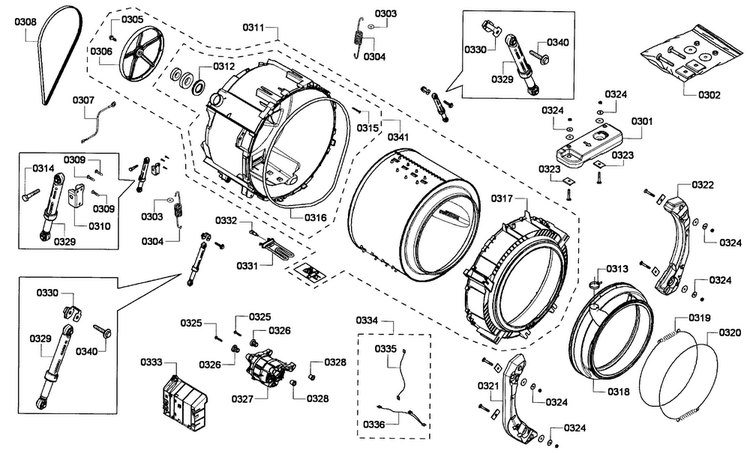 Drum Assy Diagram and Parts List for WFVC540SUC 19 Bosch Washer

────────────────────────────────────────

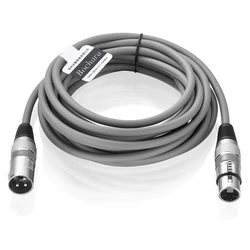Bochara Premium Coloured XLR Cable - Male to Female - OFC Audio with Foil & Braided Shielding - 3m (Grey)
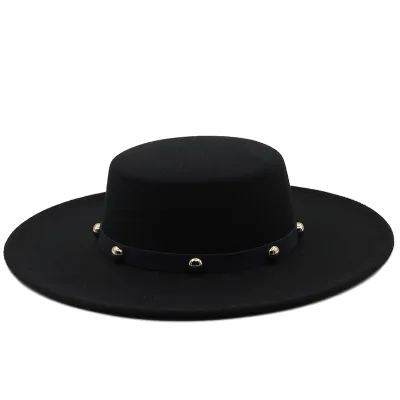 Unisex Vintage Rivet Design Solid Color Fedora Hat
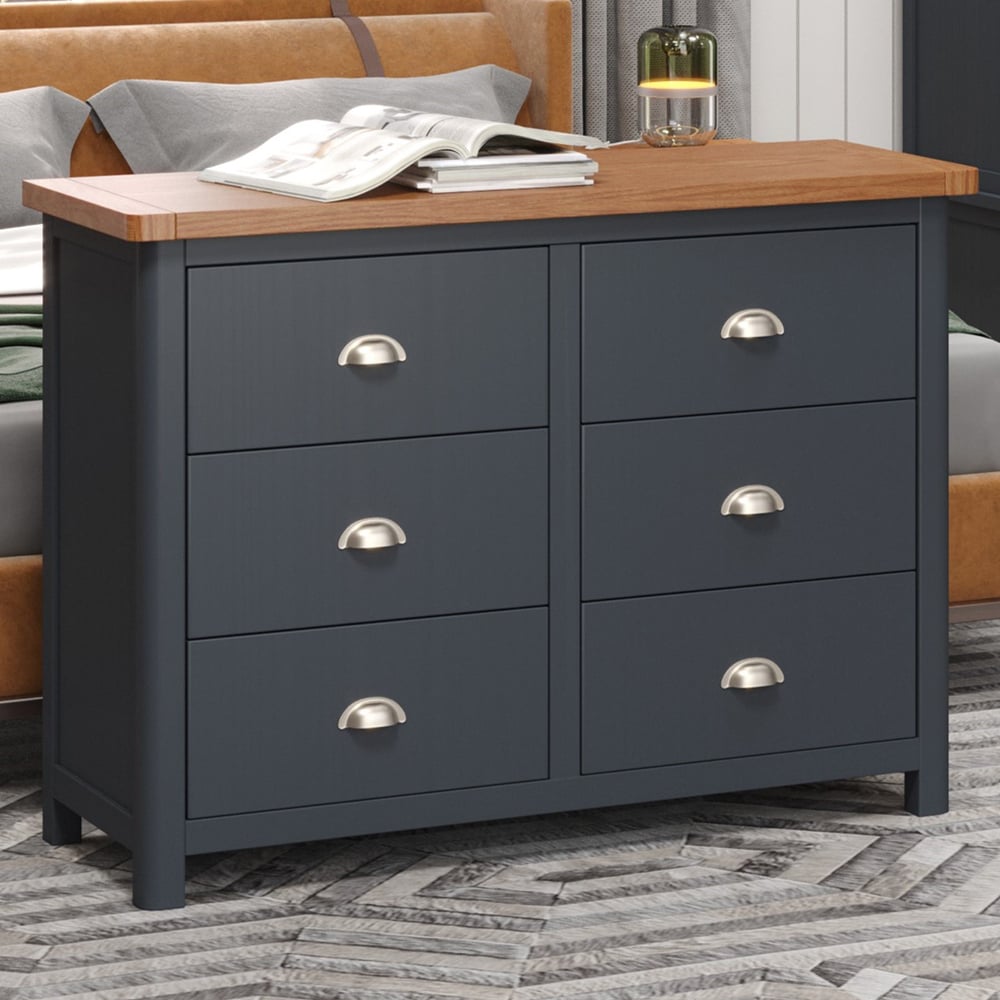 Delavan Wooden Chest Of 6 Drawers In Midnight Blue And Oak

────────────────────────────────────────

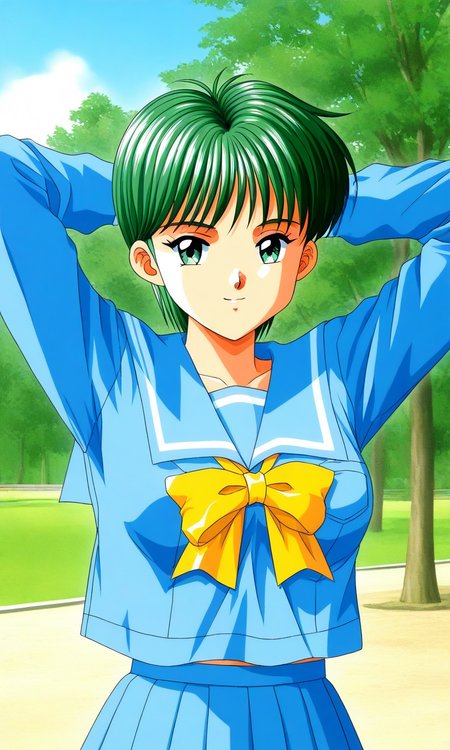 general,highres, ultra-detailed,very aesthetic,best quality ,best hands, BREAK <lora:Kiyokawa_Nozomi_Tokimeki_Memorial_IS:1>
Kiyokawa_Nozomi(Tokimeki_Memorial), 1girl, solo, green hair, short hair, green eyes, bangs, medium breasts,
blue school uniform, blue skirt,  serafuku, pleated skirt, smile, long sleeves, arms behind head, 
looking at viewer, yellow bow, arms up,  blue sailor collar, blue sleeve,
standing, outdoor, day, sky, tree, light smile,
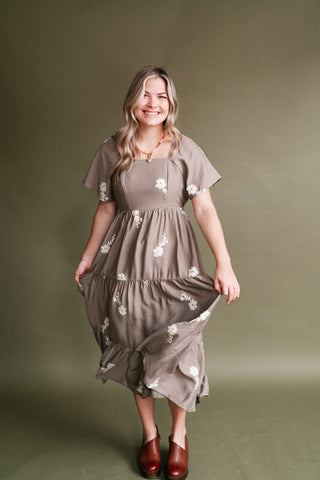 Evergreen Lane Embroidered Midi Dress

────────────────────────────────────────

▶ Requirement
Beginning at the line above that contains "Unisex Vintage Rivet" and going on through the line that contains "Delavan Wooden Chest", please copy every line exactly, leaving the pictures out and adding nothing.

▶ Answer for this exercise
 Unisex Vintage Rivet Design Solid Color Fedora Hat
 Delavan Wooden Chest Of 6 Drawers In Midnight Blue And Oak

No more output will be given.